Redistribution and use in source and binary forms, with or without modification, are permitted provided that the following conditions are met:
- Redistributions of source code must retain the above copyright notice, this list of conditions and the following disclaimer.
- Redistributions in binary form must reproduce the above copyright notice, this list of conditions and the following disclaimer in the documentation and/or other materials provided with the distribution.
- Redistributions in any form must be accompanied by information on how to obtain complete source code for the this software and any accompanying software that uses this software. The source code must either be included in the distribution or be available for no more than the cost of distribution plus a nominal fee, and must be freely redistributable under reasonable conditions. For an executable file, complete source code means the source code for all modules it contains. It does not include source code for modules or files that typically accompany the major components of the operating system on which the executable file runs.

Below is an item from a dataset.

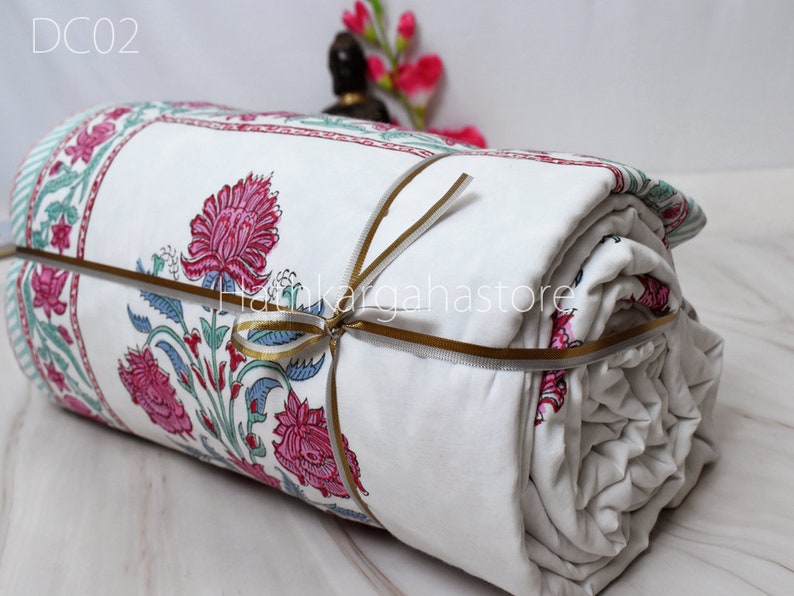 May include: A white cotton quilt with a floral print in shades of pink, green, and blue. The quilt is rolled up and tied with a gold ribbon. The text "DC02" is visible in the top left corner of the image.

This software is provided by the copyright holders and contributors "as is" and any express or implied warranties, including, but not limited to, the implied warranties of merchantability, fitness for a particular purpose, or non-infringement, are disclaimed. In no event shall the copyright holders and contributors be liable for any direct, indirect, incidental, special, exemplary, or consequential damages (including, but not limited to, procurement of substitute goods or services; loss of use, data, or profits; or business interruption) however caused and on any theory of liability, whether in contract, strict liability, or tort (including negligence or otherwise) arising in any way out of the use of this software, even if advised of the possibility of such damage.